In our recent ‘Celebrating Failure’ Wānanga, I realized how much easier failure is for me to process if I somehow think that my failure ‘qualifies’. If I fall over, or don’t get an interview, or miss a deadline, or get fired, I’m quick to name the situation as a Moment of Failure.
The David Attenborough voice in my head announces it to my whole being: ‘and if you approach carefully enough, you’ll see our subject experiencing the very thing that she has feared. This is how the specimen fails…’
Somehow, believing that an outside eye would call it a failure makes it easier for me to acknowledge it openly to myself and others, and brings me a flash-forward moment to the time when I will look back and tell the story of this very moment with merry hyperbole. Once I’ve named it, I’ve made a miniature grief cycle available to myself.
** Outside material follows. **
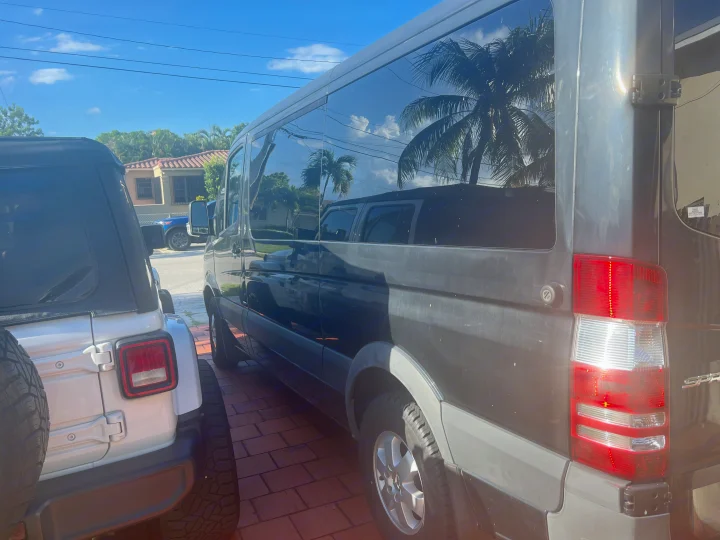 View of a dark RV rental Sprinter van with reflective windows showing palm trees, parked on brick pavers next to a white Jeep.. Mercedes Sprinter 2016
I can then lean into the uncomfortable emotions, the disappointment, the sadness, the shame, in full. Sometimes it’s about sharing this process with people who I trust, and sometimes it’s all about allocating myself time to sit with the loss- which is when I notice how attached or entitled I may have been feeling to a victory. Parameters are my most helpful thing – I think ‘I’ll go home for an hour and fit feeling guttered about it in before rehearsal at 6’. I’m lucky in that I find that if I do lean far enough into the painful feelings, I can plug the hole in my self-confidence bucket with tears, tissues, acknowledgement and courage to move forward, all pretty quickly.
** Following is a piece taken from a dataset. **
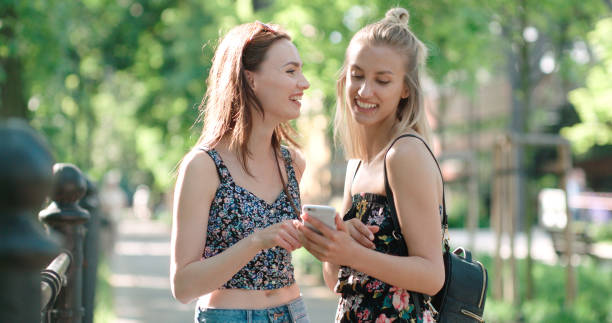 Two teenage girls using mobile phone in a city park. stock photo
But what about the kind of failure that doesn’t necessarily ‘qualify’? What about the kind of failure that one day looks like an irrelevant judgement call or a paradigm clash that doesn’t ring true to you, and the next day looks like maybe you’ve actually really messed something up and you’re just refusing to acknowledge it? Here you’ll see our subject in a state of confusion. She worries that by too quickly finding the silver linings in her failures, by entering into realms where she is more and more likely to fall, by reframing a loss as some kind of gain she just hadn’t seen yet, she is denying herself the chance to actually acknowledge her limitations or the more longterm-affecting poor decision making that she may start to feel the consequences of later in her life cycle’ says my internal surround –sound Attenborough.
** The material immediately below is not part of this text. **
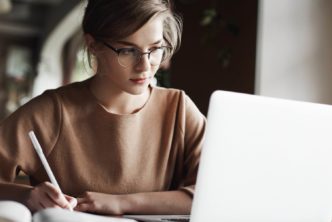 young woman at desk studies the Bible with laptop and open notebook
I’m encouraged by what my Dad says about waterskiing: ‘If you don’t have a decent bail then you’re not skiing hard enough yet’. I’m encouraged by the person in the Wānanga who could reframe my entitlement to victory as self-belief and confidence. I’m encouraged by a quote that I stumbled across yesterday – ‘Success consists of going from failure to failure without loss of enthusiasm’. And I’m encouraged by the opportunity to practice failure, which I was given by our lovely yoga teacher, Rosie, as I came nowhere near winning at my first crow pose attempt. Rosie said ‘Trust the journey, and send your softest breath to the place where it’s hurting’.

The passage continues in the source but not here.